OTTAWA—As widely expected, the Bank of Canada kept its target for the overnight rate at 1 percent on Wednesday, as inflationary pressures remain subdued and the growth outlook for Canada remains similar to that in the prior Monetary Policy Report (MPR) from mid-July.

The central bank, in its final MPR of the year, projected growth (real GDP) averaging about 2.5 percent in 2015 before falling to 2.0 percent in late 2016. Inflation (total CPI) is very close to the 2.0 percent target and is projected to remain as such until the end of 2016. 

The statement didn’t include mention of a “neutral” stance with respect to the direction of the next move in rates. Regarding this forward guidance, the Bank doesn’t believe there are net benefits to its use presently. “There will no doubt come a day when we will offer forward guidance again—but not on this day,” said Governor Stephen S. Poloz in his opening statement which was to precede the MPR press conference.

The press conference that follows the release of the MPR was canceled due to shootings near Parliament Hill.

Market reaction to the announcement included a slight move higher in Canadian government bond yields and the Canadian dollar climbed back into positive territory after a plunge before the announcement.

Offset by falling energy prices and excess capacity in the economy, inflation was boosted temporarily by items such as telephone and Internet services and meat. The depreciation of the Canadian dollar, which is trading near five-year lows, “appears to be adding about 0.1 to 0.3 percentage points to core inflation at this point,” according to the MPR. 

The Bank’s commodity price index has fallen more than 10 percent since the July MPR, with energy 15 percent lower and non-energy commodities 5 percent lower.

The Bank assesses that, while lower oil prices help consumers, overall it would be negative for the economy due to its effects on the terms of trade and domestic incomes. The longer-term threat is to investment in the oil sector, which has an entire supply chain that is vulnerable and reaches across the country. 

Despite the weakness in the global economy, notably in Europe and China, the U.S. economy remains relatively stronger, which has helped Canadian exports. Lower oil prices and a weaker Canadian dollar have helped the competitiveness of Canada’s non-oil exports. According to the MPR, the third quarter should see a further gain in exports.

The Bank doesn’t project oil prices and assumes a level of the average price over the last several days when making its economic projections. Similarly, for the October MPR projections, the Canadian dollar is assumed to remain at 89 cents over the projected horizon versus 93 cents in July.

Labor Market and Economic Slack

The economy is projected to reach its full capacity in the second half of 2016, but material slack (estimated at between 1 and 2 percent) is currently evident. 

While the unemployment rate has declined to 6.8 percent, a six-year low, “it likely overstates post-recession improvement in the labour market,” the MPR says. The Bank’s more comprehensive labor market indicator is roughly 0.5 percent higher than the unemployment rate.
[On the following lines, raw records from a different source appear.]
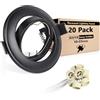 Wondlumi Faretto da incasso a LED, GU10, 68-85 mm, orientabile, a 360°, 230 V, colore nero opaco, rotondo, telaio da incasso con attacco GU10
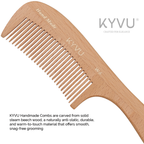 Extra-Large Wooden Fine-Tooth Comb – Styling Comb with Handle (W6)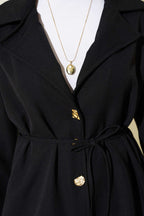 Kruvaze Yaka Gold Düğmeli Dabıl İkili Takım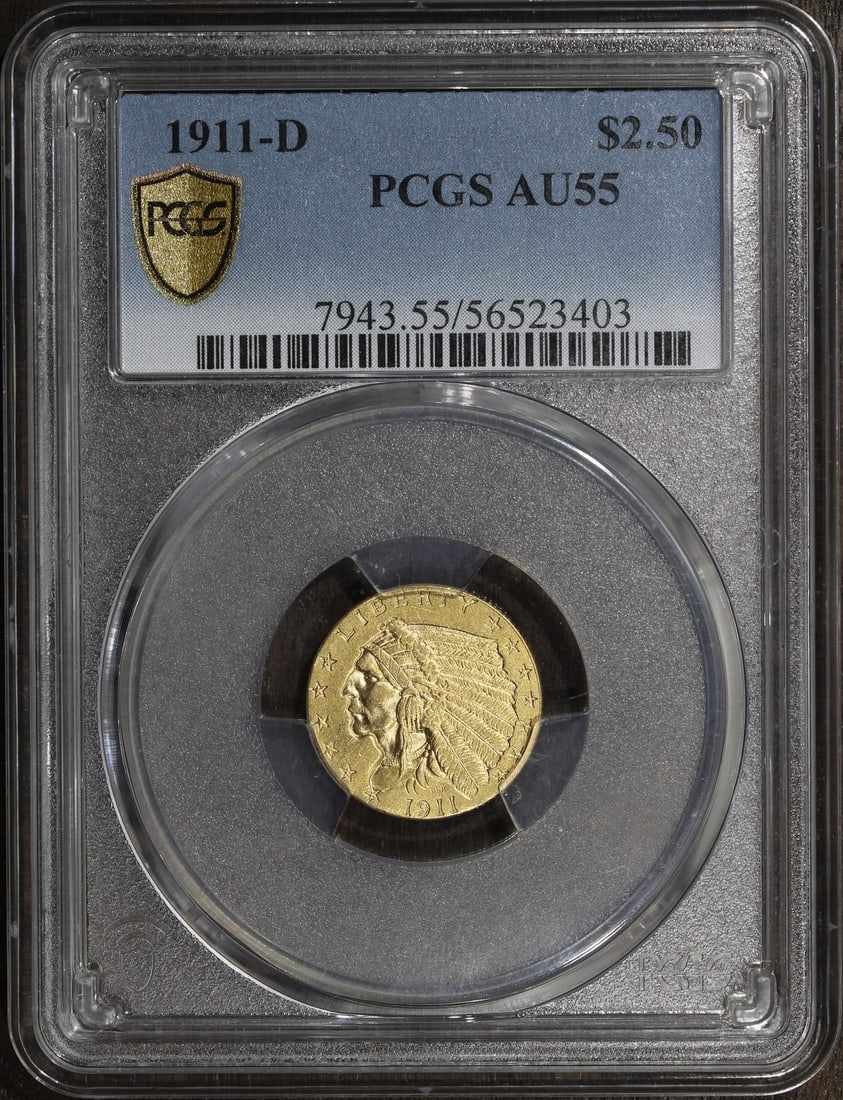 PCGS AU55 1911-D Gold Quarter Eagle: PCGS AU55 1911-D Gold Quarter Eagle This is a 1911-D Indian Head Gold Quarter Eagle with a denomination of $2.50. The coin is graded AU55 by PCGS, indicating it is in About Uncirculated condition. It 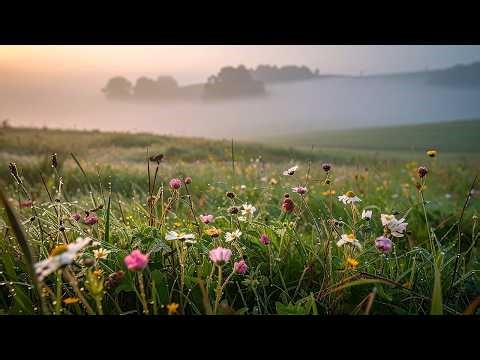 Early Morning Spring Meadow Ambience | Peaceful Birds, Bees & Cuckoo Sounds | 4K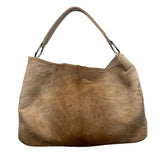 Prua Women’s Brown Leather & Cowhide & Green Lining Shoulder Tote Bag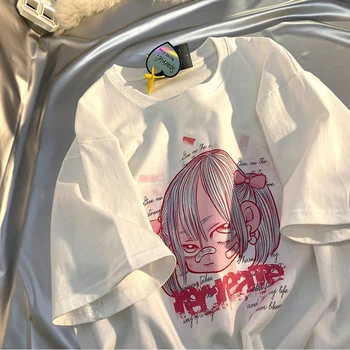 Naiste T-särk Anime Print Graphic Tee Särk Naiste Suvel Goth Top Harajuku E-Tüdruk Y2k Riided Esteetiline Harajuku Kawaii Tees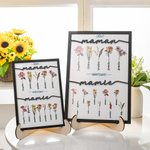 Plaque Décorative en Bois Personnalisée avec Noms Fleurs de Naissance Thème Jardin de Grand-Mère Décoration de Maison Cadeau Fête des Mères pour Maman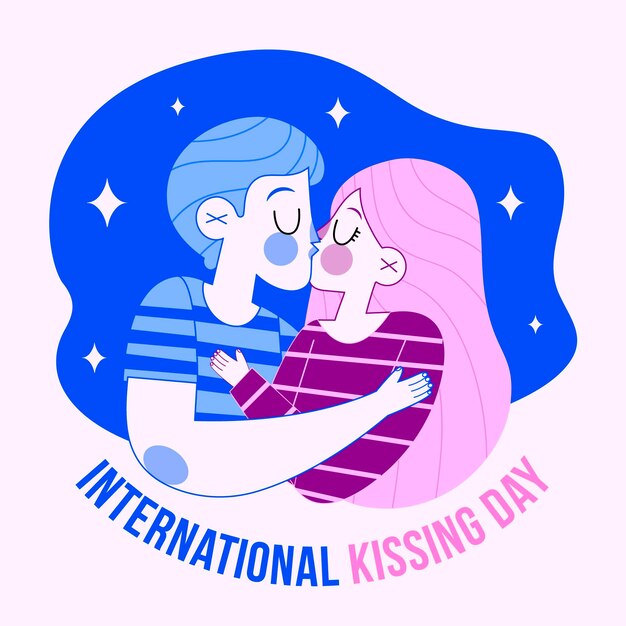 Organic flat international kissing day illustration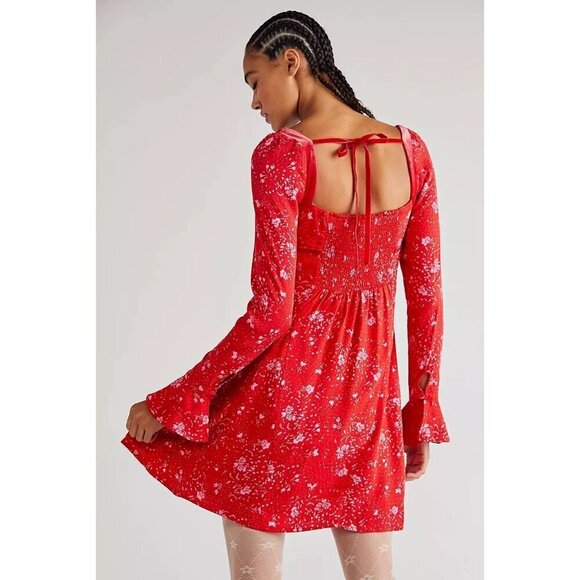 FREE PEOPLE Bell Sleeve Floral Mini Peasant Dress Size large new - Picture 2 of 8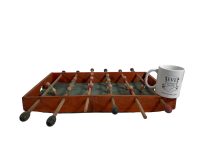 Alternative view of Vintage French Mini Small Table Football Soccer Toy Game Of Skill Wooden Wood Toy Decorative Collector DAMAGED c1960-70's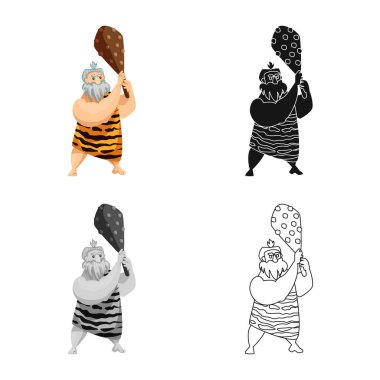 Adam ve ilkel logo vektör illüstrasyon. Stok için insan ve homosapiens vektör simgesinin toplanması.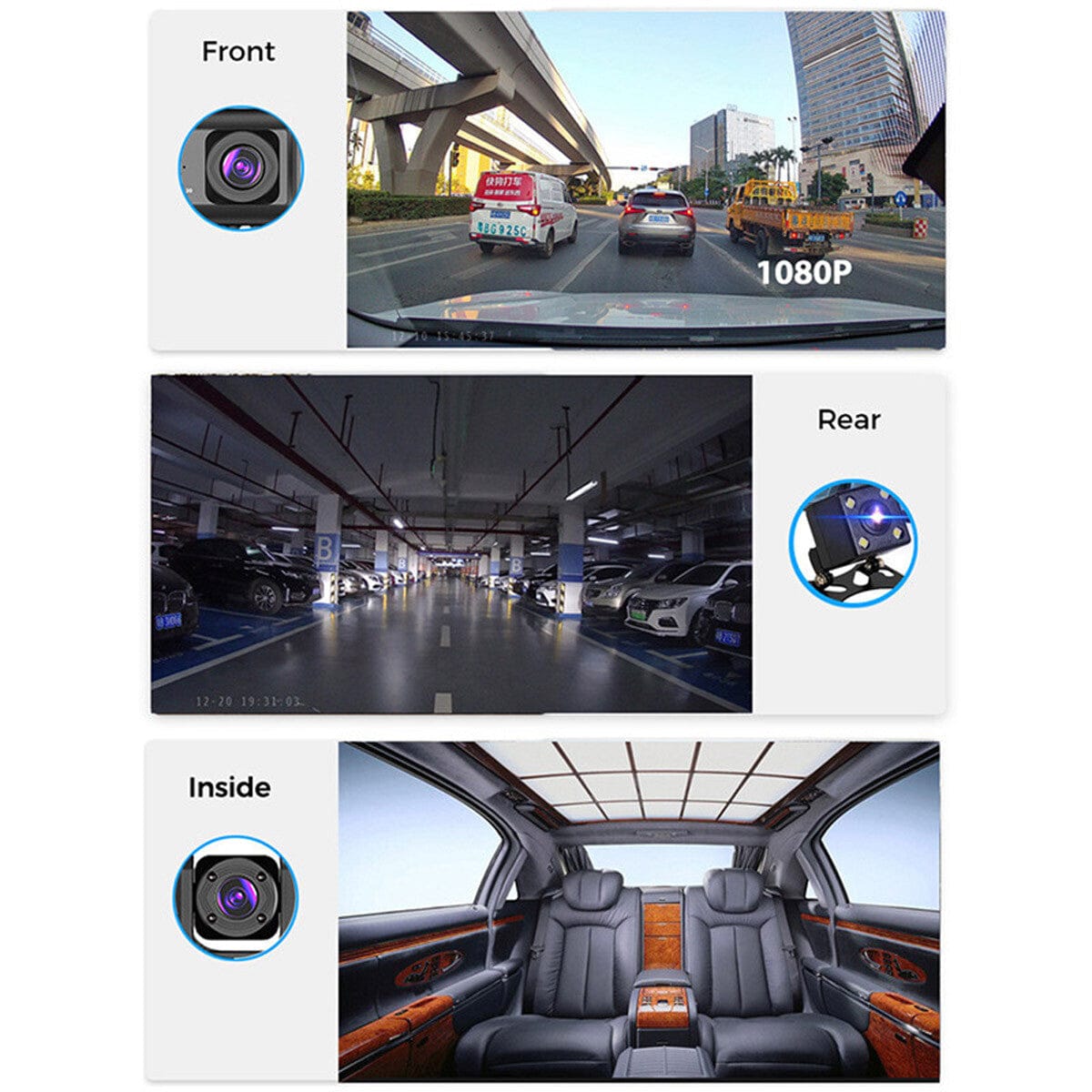 creatidrop 0 Black 1080P Dual Lens Car Dash Cam Recorder G Sensor DVR Front And Rear Camera Video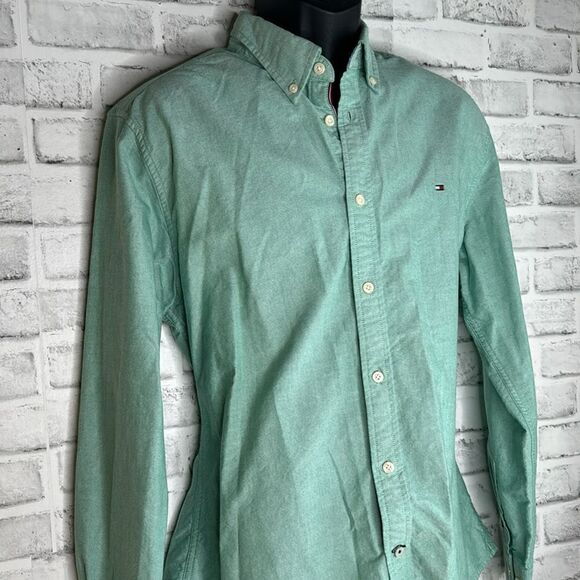 Tommy Hilfiger Custom Fit Teal Button Down Shirt Size Large L - Picture 2 of 6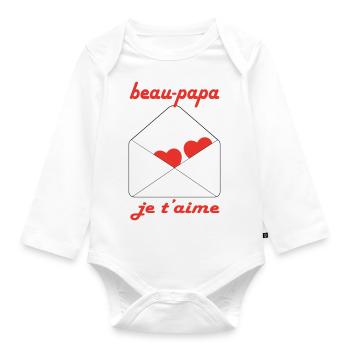 Beautiful daddy I love you - Organic Longsleeve Baby Bodysuit - white - Front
The weakening global economic outlook and weaker commodity prices are contributing to the labour market slack. 

In its projections for global economic growth, the Bank of Canada sees U.S. growth rising to 2.9 percent in 2015 and 2.7 percent in 2016, whereas the Euro area is expected to grow at 0.8 percent in 2015 and 1.0 percent in 2016. Of note, China’s growth is expected to begin to slow considerably, falling from 7.4 percent this year, to 7.0 percent in 2015, and 6.9 percent in 2016.

The Bank points out that “growth remains reliant on exceptional policy stimulus.”

Housing Risks

A soft landing is still the most likely scenario for the evolution of the housing market. With mortgage rates lower than at the start of the year, housing is providing a boost to economic activity, but the cost is the rising levels of household debt. The Bank characterized the financial stability risks from housing imbalances as “edging higher.” The Bank is not seeing the “constructive evolution” it once used to, but is not calling for any immediate action.

With the rise in house prices being driven by Toronto, Vancouver, and Calgary while the rest of the country remains soft, resale activity moving higher than the 10-year average hasn’t translated into rapid indebtedness increases as homeowners have equity in their homes and don’t need to borrow as much.

Household credit growth is now also getting a boost from car sales, which have hit a record high.

The Bank of Canada’s next interest rate announcement date is Dec. 3 with the next full economic projections and MPR to come Jan. 21, 2015.